The best way to deal with attachment is to let go. Breath and let it go.
Surrendering for me isn’t about giving up, it’s about letting go – and letting go is about looking at the emotional attachment that you have connected to an outcome.
If you’re attached to something and it doesn’t happen, how are you going to feel?
For me, it’s important to remain neutral in these situations. Because I can be attached to something and if it doesn’t happen, I can get upset, or angry or sad, OR I can remain neutral and calmly deal with the situation at hand.
The only difference in those two scenarios is the emotional investment between the different outcomes.
Now don’t get me wrong, I have healthy levels of attachment to a lot of things, everything from a team member to my family and friends.
But the reality is people come and go, things come and go, and desired experiences come and go.
And if you’re in the game of business, you better get used to it because coming and going is what it’s all about.
Going back 15 years, I still remember when someone used to leave the team and I used to get really upset. Now, when someone leaves I shake their hand and smile and wish them luck – and I literally feel nothing, I mean that. And the reason why I feel nothing is because I’m no longer emotionally invested in the things that are around me.
I love many of the things around me but I also understand that life is short and people and things are fleeting – they come and they go. People come into your life for a reason, a season or a lifetime.
And whether it be that you’re attached to a person or you’re attached to an outcome, you’ve got to look at the emotional investment behind that, and really analyse what it means?
What does this relationship mean if it ended?
Once we look at that, it gives us the ability to be able to remove whatever that emotional attachment is.
Because if we’re looking at emotional attachment for what it really is, it’s nothing more than a delusion.
When it comes to emotion, it’s hard to distinguish what’s real and what isn’t.
Have you ever taken something the wrong way when you’ve been sensitive or upset? It wasn’t that what was said to you was bad, it was just that you were in the frame of mind that filtered the information in a way that meant something that it didn’t, and you took it the wrong way because you were intoxicated by emotions – deluded.
Emotions are the hooks behind the attachment that we put on things, because when the things we’re attached to get taken away, what does that trigger? It triggers emotion.
So it’s really the emotions behind the things we think we want that create the attachment, and once they’re removed there’s actually nothing to be attached to, and when an outcome plays out, you can see the experience for what it is – both sides.

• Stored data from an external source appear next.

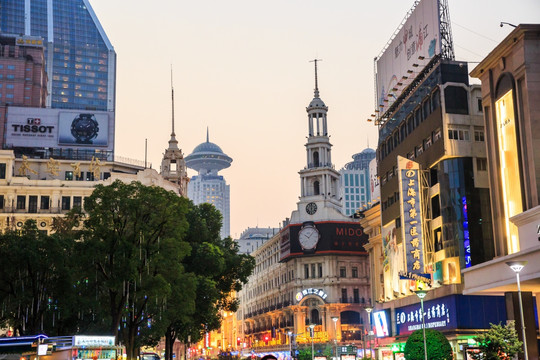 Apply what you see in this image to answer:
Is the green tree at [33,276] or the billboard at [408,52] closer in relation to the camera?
the green tree at [33,276]

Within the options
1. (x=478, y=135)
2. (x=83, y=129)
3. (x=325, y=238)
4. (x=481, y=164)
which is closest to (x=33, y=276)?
(x=481, y=164)

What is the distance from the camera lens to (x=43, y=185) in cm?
10012

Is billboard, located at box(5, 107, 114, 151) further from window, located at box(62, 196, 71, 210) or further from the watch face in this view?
the watch face

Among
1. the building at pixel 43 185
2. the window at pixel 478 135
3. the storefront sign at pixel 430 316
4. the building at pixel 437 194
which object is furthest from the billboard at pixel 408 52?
the building at pixel 43 185

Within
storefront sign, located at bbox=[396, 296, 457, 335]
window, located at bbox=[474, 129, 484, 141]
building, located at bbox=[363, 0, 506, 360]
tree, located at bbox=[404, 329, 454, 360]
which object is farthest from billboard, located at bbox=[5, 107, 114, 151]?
tree, located at bbox=[404, 329, 454, 360]

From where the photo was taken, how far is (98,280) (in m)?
49.9

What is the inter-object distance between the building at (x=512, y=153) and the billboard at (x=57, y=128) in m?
66.2

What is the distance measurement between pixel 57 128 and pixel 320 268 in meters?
49.6

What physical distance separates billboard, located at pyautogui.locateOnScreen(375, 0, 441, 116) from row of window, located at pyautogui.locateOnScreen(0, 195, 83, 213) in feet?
145

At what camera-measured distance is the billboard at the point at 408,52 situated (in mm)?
65938

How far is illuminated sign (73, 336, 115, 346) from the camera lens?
30.6 meters

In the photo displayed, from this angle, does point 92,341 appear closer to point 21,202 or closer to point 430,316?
point 430,316

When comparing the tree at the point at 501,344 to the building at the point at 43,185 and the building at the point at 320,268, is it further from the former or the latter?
the building at the point at 320,268

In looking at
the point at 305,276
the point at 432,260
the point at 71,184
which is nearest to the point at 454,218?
the point at 432,260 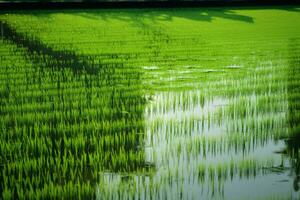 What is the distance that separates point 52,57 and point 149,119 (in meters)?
3.84

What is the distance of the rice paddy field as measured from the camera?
10.3 ft

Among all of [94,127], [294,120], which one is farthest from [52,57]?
[294,120]

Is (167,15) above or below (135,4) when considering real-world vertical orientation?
below

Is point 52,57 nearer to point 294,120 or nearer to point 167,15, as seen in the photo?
point 294,120

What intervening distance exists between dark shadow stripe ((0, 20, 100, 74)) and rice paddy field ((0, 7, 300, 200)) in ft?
0.05

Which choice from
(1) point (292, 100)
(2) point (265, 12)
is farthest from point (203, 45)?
(2) point (265, 12)

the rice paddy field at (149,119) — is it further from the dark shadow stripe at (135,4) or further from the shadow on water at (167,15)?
the dark shadow stripe at (135,4)

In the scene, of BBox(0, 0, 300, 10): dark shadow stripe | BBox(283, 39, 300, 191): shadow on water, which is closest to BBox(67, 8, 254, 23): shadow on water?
BBox(0, 0, 300, 10): dark shadow stripe

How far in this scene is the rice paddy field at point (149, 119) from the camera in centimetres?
313

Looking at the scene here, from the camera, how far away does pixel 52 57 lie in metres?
8.00

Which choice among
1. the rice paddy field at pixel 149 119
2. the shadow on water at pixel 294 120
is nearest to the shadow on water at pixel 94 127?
the rice paddy field at pixel 149 119

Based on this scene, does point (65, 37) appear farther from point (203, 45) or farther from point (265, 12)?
point (265, 12)

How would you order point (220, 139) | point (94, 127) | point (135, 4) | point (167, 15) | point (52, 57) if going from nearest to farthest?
point (220, 139), point (94, 127), point (52, 57), point (167, 15), point (135, 4)

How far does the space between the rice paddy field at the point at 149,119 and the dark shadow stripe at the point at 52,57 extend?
0.05ft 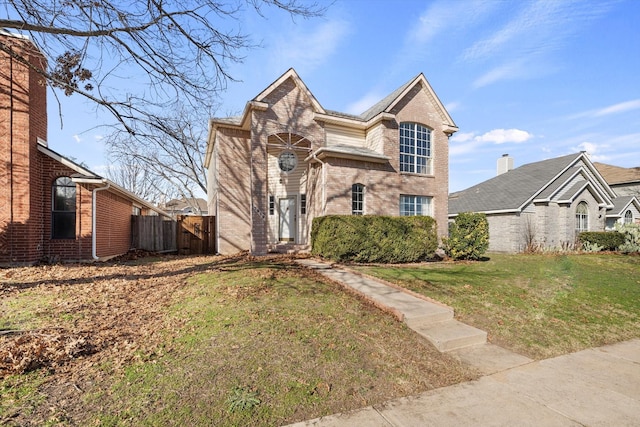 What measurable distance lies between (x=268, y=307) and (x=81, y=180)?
31.9 ft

Now, I’m not saying I never get upset. For example if someone does leave, I might say, “That’s a shame,” but I can also say, “I’m glad,” because I can see both sides. And when we allow ourselves to see the bigger picture we’re able to step into a neutral way of thinking.
But first we have to identify where we might have emotional attachments. When we’re aware of these attachments, we can start to work through them and dissolve them just by being conscious of them.
It won’t happen overnight but it will happen. Let it go. Surrender.